This script is a clean foundation, and the obvious upgrades are easy to picture. You could log counts to a CSV with timestamps for later analysis, fire an alert when a zone exceeds a capacity threshold, or track entries and exits over time rather than just the live headcount. The polygon-cleaning and deepest-inside-wins logic would carry over unchanged — those are the genuinely reusable ideas here.

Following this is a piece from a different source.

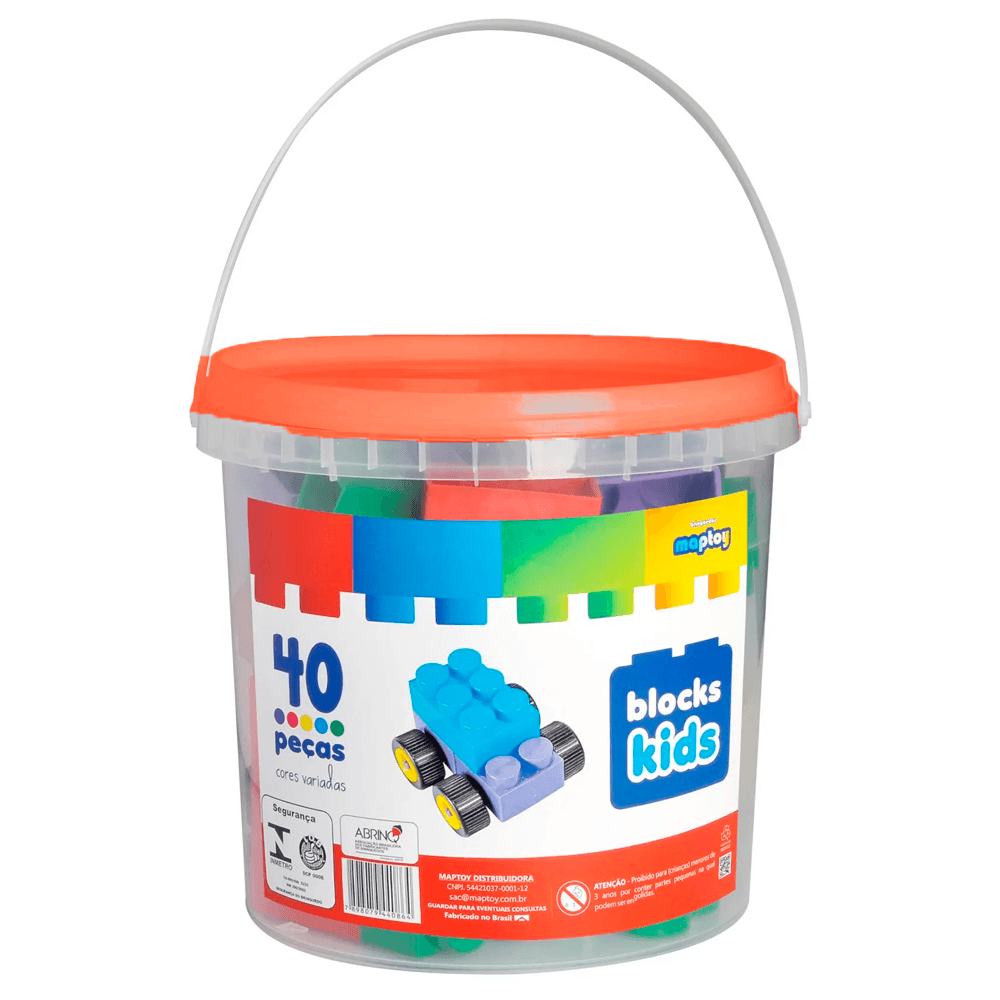 Balde-Blocks-Kids-40-Pecas-Laranja---Map-Toy Balde-Blocks-Kids-40-Pecas-Laranja---Map-Toy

The real lesson isn't about elevators at all. It's that once you can reliably answer "is this point inside that shape, and if several shapes qualify, which one wins?", an enormous range of spatial-analytics problems becomes approachable. Queue monitoring, retail heatmaps, parking occupancy, crowd-safety dashboards — they're all variations on the same forty lines of geometry you just read.
FAQs
- Q:Do I need a GPU to run this?
- A:No. It runs on CPU, just slower. The device argument lets you point it at CUDA if you have it, and frame_skip helps recover speed on modest hardware.

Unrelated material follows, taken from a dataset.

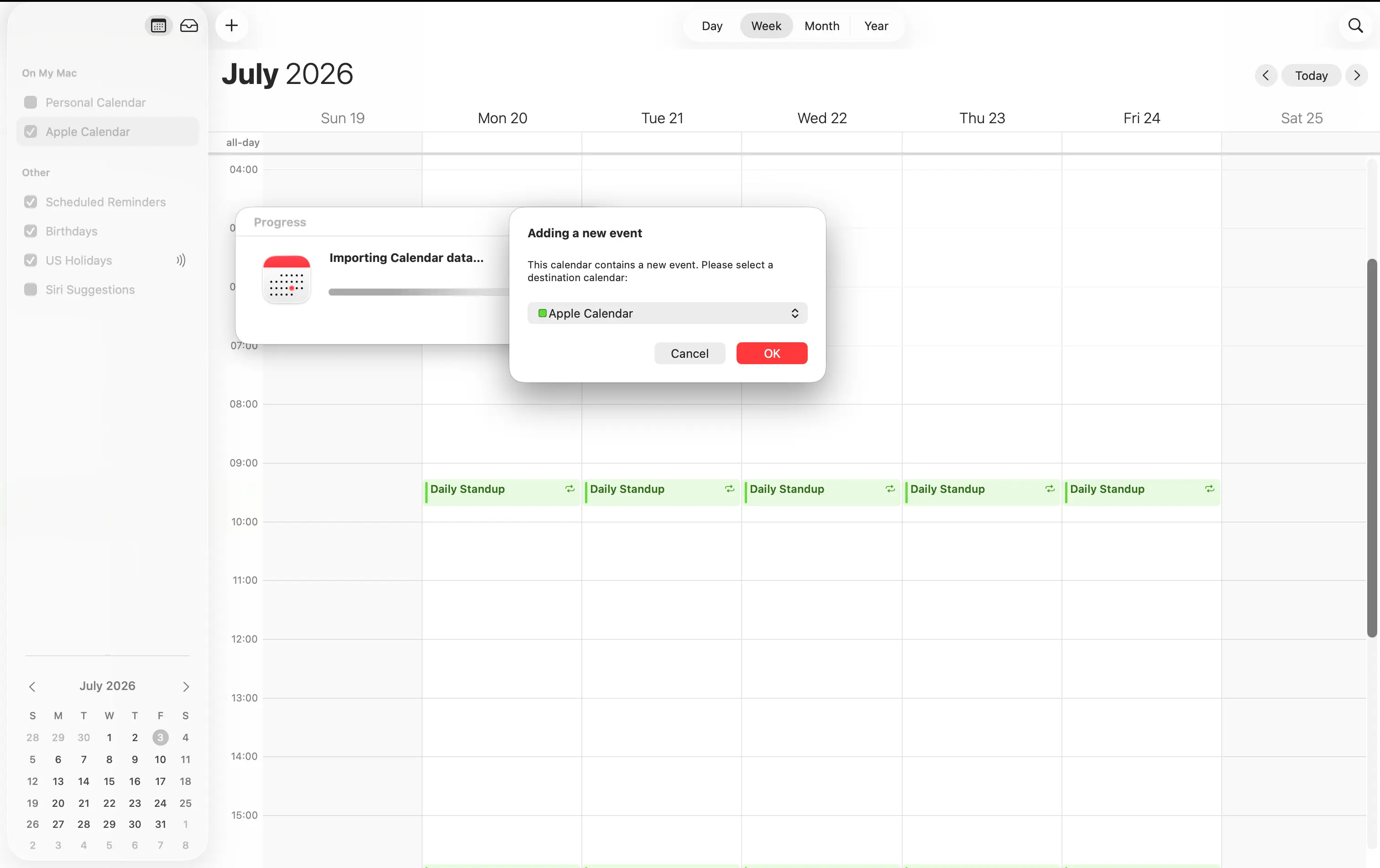Scegli il calendario iCloud di destinazione per l'importazione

- Q:Why polygons instead of simple rectangles?
- A:Because real-world regions are rarely axis-aligned boxes. Polygons let you trace a slanted doorway, a curved queue, or the trapezoidal floor rows of an elevator seen from an angled camera.
- Q:Why test the feet instead of the center of the person?
- A:Because a person occupies the floor at their feet. Testing the bounding-box center can place a leaning or partially occluded person in the wrong zone.
- Q:Can it count things other than people?
- A:Yes. The classes argument maps to YOLO's class list, so swap in the class IDs for cars, bikes, or anything the model knows, and the same zone logic applies.